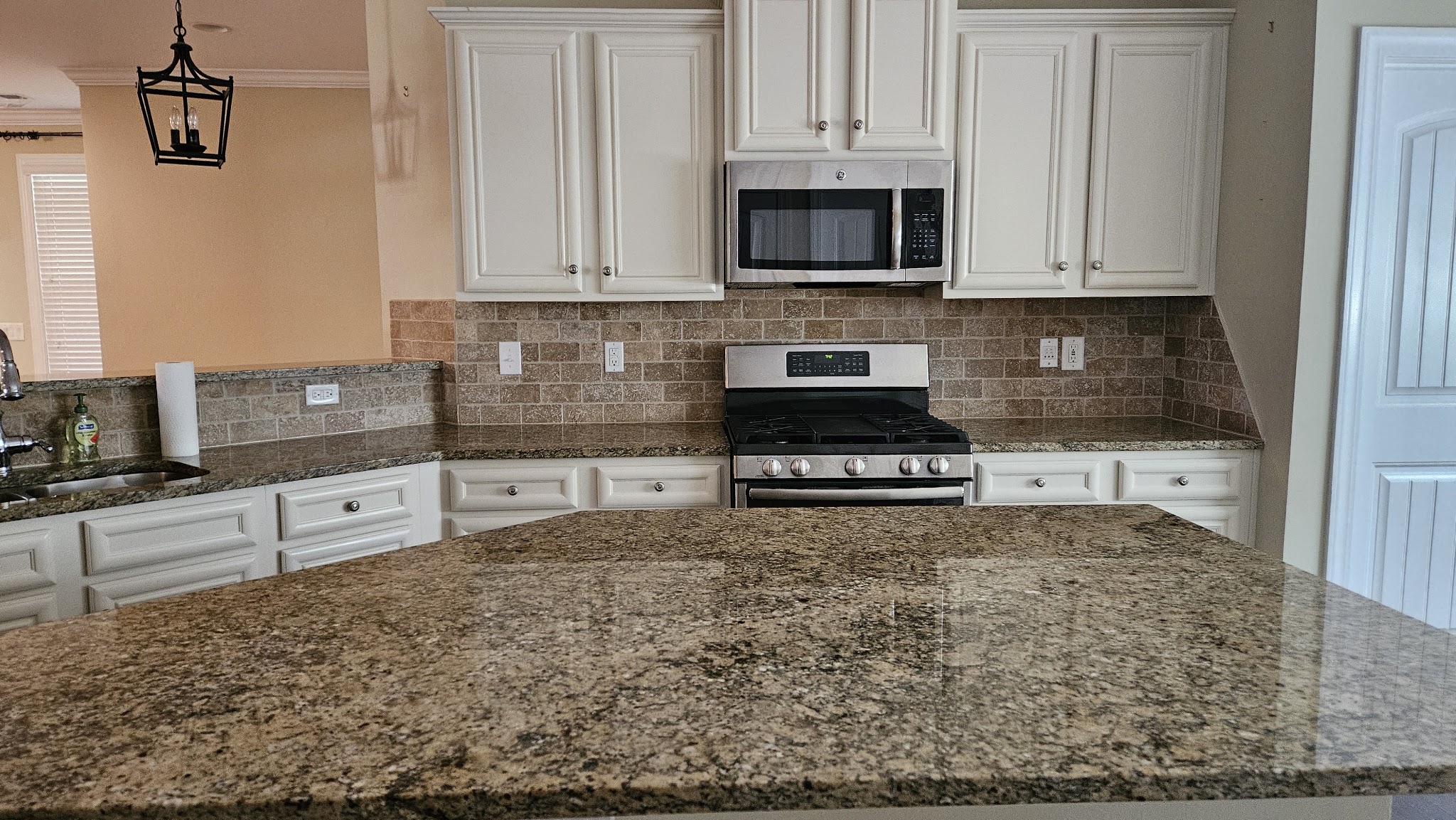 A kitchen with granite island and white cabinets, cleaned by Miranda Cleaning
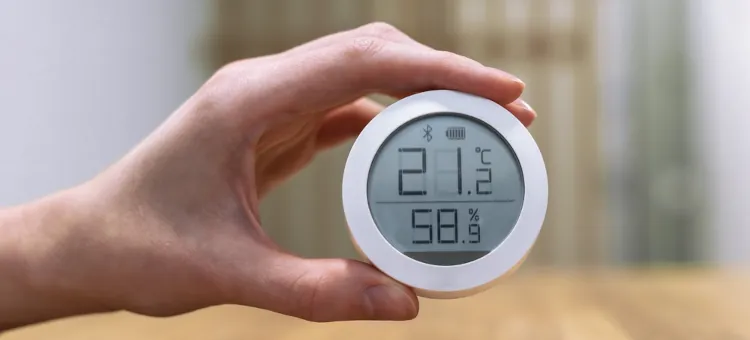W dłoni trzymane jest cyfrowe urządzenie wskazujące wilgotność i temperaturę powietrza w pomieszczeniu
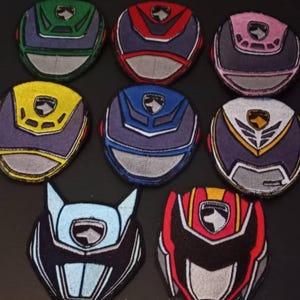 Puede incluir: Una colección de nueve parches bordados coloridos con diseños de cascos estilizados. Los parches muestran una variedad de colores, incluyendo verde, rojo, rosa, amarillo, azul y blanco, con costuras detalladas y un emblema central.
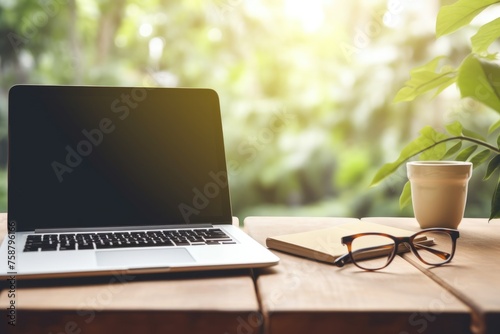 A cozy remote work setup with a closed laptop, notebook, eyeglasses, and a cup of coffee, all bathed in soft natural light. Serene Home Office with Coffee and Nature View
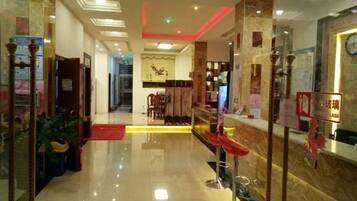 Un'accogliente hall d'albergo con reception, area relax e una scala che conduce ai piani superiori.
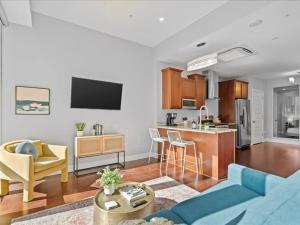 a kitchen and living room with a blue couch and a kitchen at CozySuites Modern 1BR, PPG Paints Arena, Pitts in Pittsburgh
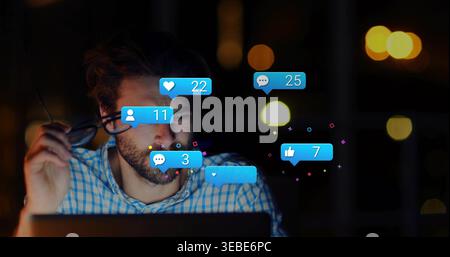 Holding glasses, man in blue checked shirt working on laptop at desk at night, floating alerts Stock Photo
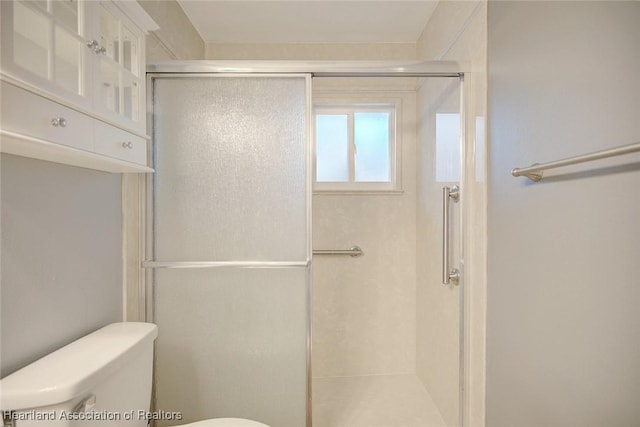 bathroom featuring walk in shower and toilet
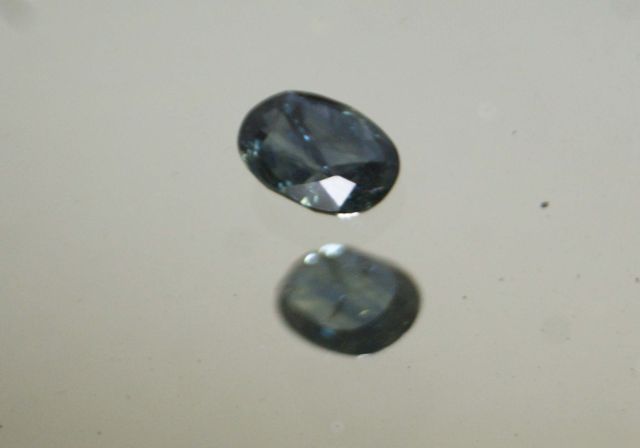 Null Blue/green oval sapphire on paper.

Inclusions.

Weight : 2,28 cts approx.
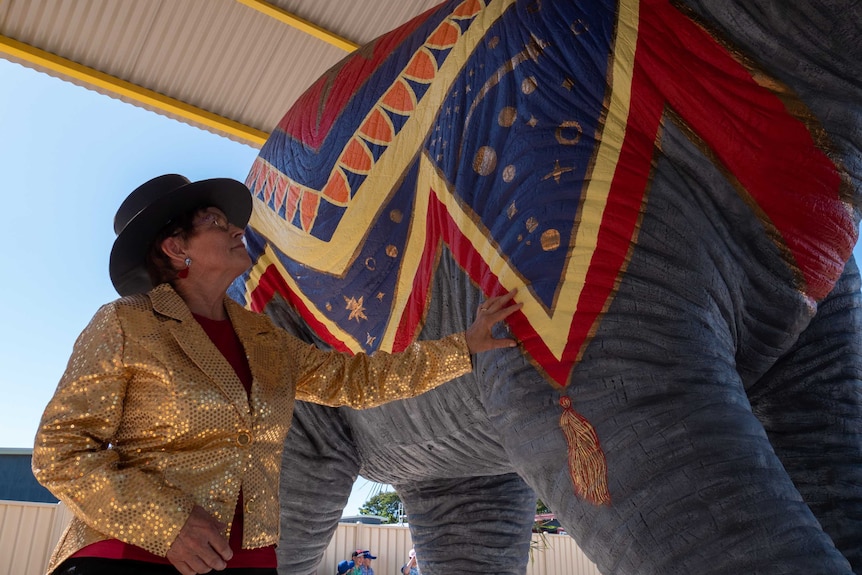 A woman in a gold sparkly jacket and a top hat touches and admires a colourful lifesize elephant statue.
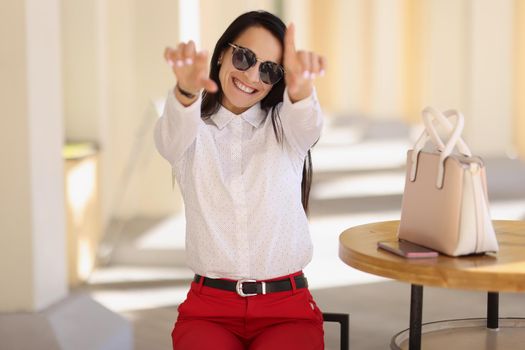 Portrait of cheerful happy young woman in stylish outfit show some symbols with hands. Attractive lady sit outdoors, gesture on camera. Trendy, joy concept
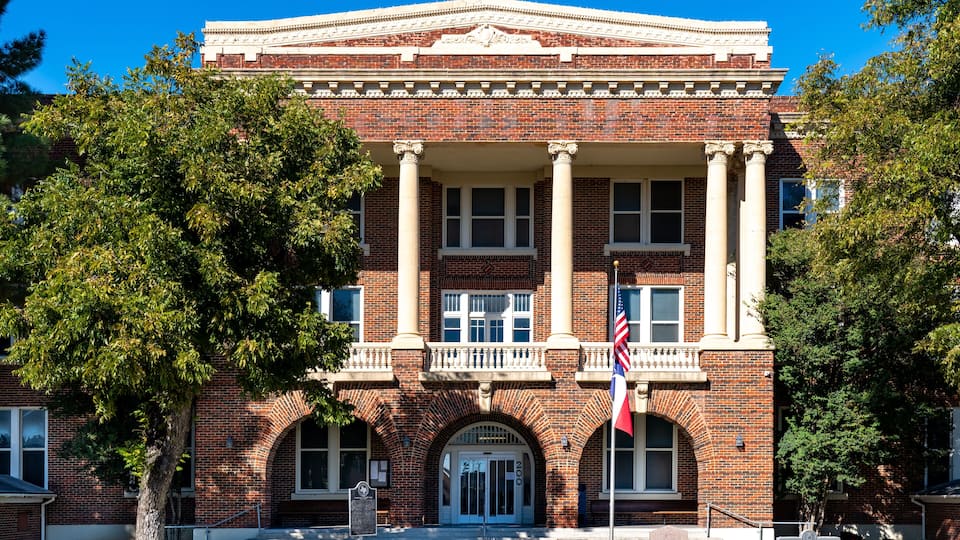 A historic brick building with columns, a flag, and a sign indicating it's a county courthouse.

....

WORK ITEM> Starting with the line that holds "Portrait of cheerful", return each line exactly through the final line of the entries above; pictures are not part of the output.

PROBLEM SOLUTION>
 Portrait of cheerful happy young woman in stylish outfit show some symbols with hands. Attractive lady sit outdoors, gesture on camera. Trendy, joy concept
 A historic brick building with columns, a flag, and a sign indicating it's a county courthouse.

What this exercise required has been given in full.